Grain bins have their own ups and downs to consider, too. On-farm storage allows you to keep rolling through the harvest without waiting in delivery lines at the elevator. And if you happen to have a high moisture content, you can dry the grain in the bin without getting docked once you sell. However, we find that sometimes, farmers are using their grain bins as a crutch. If you have on-farm storage, the carry (or the spread between current and futures prices) is what pays for the bin itself. That means, though, that when market prices hit target levels, you must act. Too often, we find farmers with grain in the bin at the end of the summer because they couldn’t pull the trigger earlier in the year – and their paralysis ended up costing them.
If you are considering adding on-farm storage in the near future, make sure it’s a worthwhile investment. Figure out what the total cost will be (including interest if taking out a loan), and what kind of carry needs to be achieved to get the bin paid off. In central Illinois, for example, historic data tells us that the spread is about 28 cents per bushel, so multiply that by average yearly production, and it should be able to pay off the bin in a few years. If it can’t, it may not be worth the investment. Working with an advisor is a great way to find those historic spread figures.

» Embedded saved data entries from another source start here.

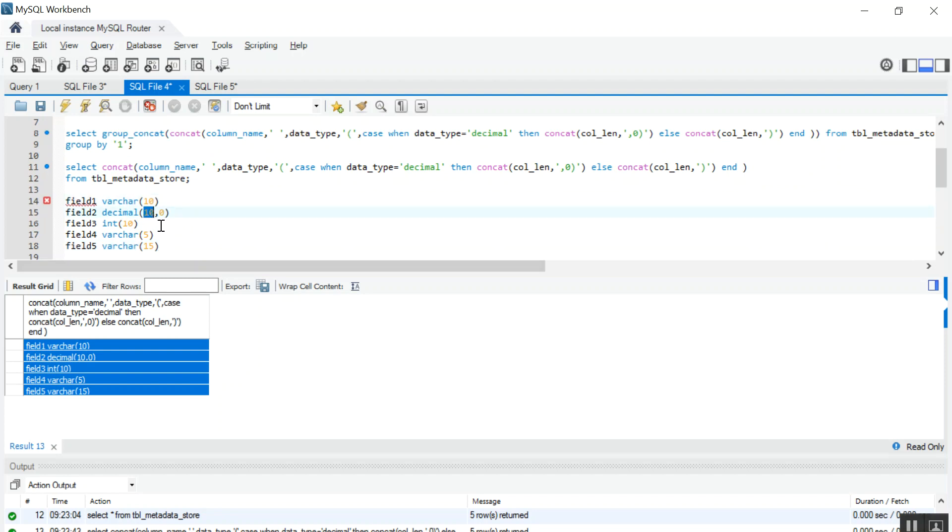So if you see in decimal, I have put comma 0 and parenthesis. So I have put a CASE statement here: when data type is decimal, then you have to concat column length and comma 0 and parenthesis, else you just have to concat column length and end parenthesis.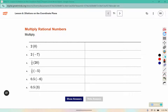Here you are just multiplying the numbers together. You can think of half of 6 is 3, but it's half of negative 6, so it should be negative 3. Half of 3 is 1 and a half.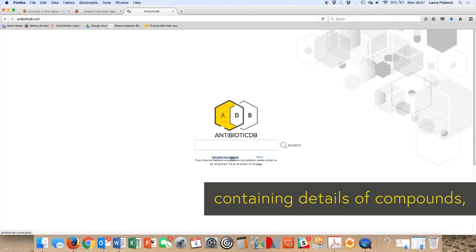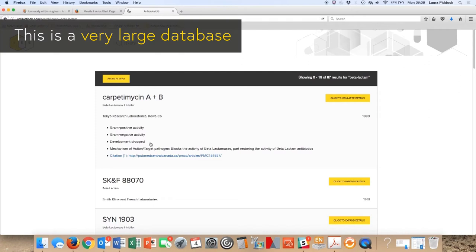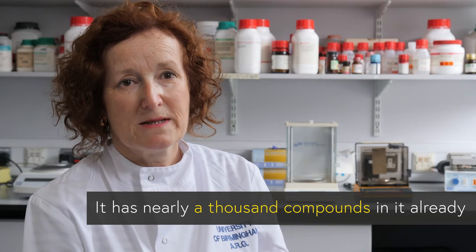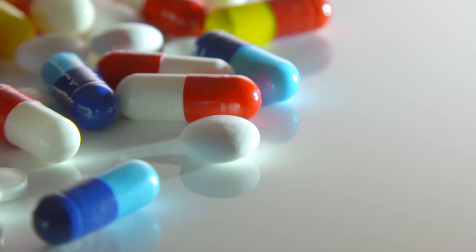Antibiotic DB is very important. It is the first such database describing antibiotics, containing details of compounds, many of which have never been developed into new drugs. This is a very large database and it is continuing to grow — it has nearly a thousand compounds in it already, and information is being added on a very regular basis.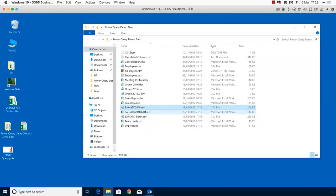We've covered how to import data and the different import options, and how to refresh data. I'll pause for a moment — if you have questions, access the Q&A panel and put them in.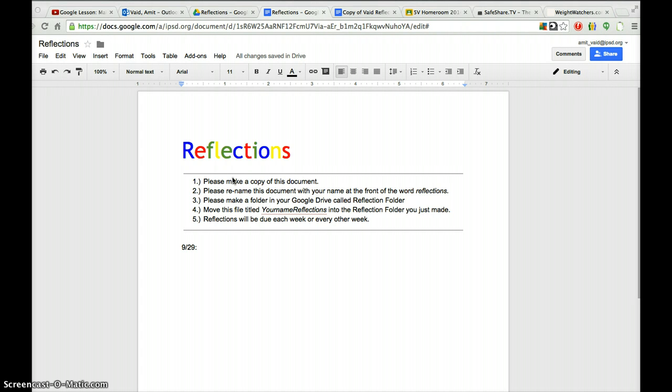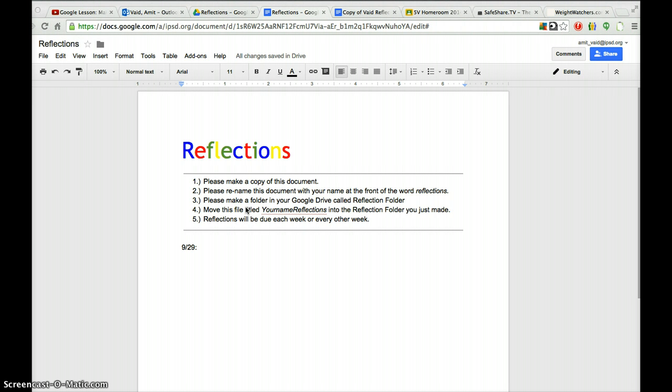And that copy that I'll have is one that you will have shared with me. You will only share this with me after, and I repeat, after you have made your own copy of this document, renamed it with your name at the front of this document, after you've made a folder called Reflections for you to move this document into. That folder will be made at your drive, and you will have to move this file called Your Name Reflections into your own reflection folder, which is in your drive. And then you'll share that file with me, the Reflections file. You won't share the folder with me. You'll share the file with me.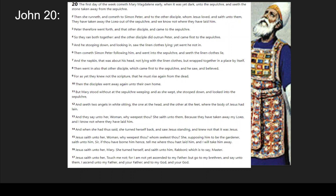For as yet they knew not the scripture that he must rise again from the dead. Then the disciples went away again unto their own home. But Mary stood outside the tomb weeping, and as she wept she stooped down and looked into the tomb. And she saw two angels in white sitting, the one at the head and the other at the feet, where the body had been laying. They said to her, 'Why do you cry?' She said to them, 'Because they have taken my Lord, and I don't know where they've laid him.' And when she had said this, she turned herself back and saw Yeshua standing, but she didn't know it was him.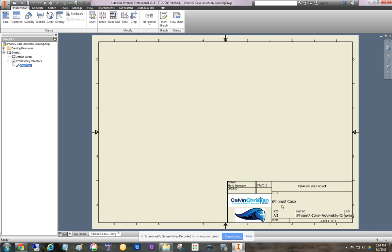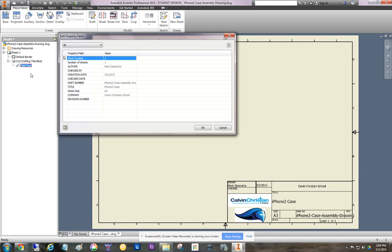This needs to say Calvin Christian School, you know, iPhone 2Ks and so on. So what we do is we right-click on the field text and say edit field text.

An advisor can also help in identifying hidden costs of on-farm storage. For instance, shrink is a real issue, especially in soybeans. It’s not free to add grain to the bin and then pull it out – we often work with a figure of “5 cents in/5 cents out,” because handling the grain twice means increased shrink, broken kernels and double the trucking. Before making any final decisions on storage plans for the harvest season, be sure to check with your advisory team to get a second opinion and perhaps insights that you may not have considered.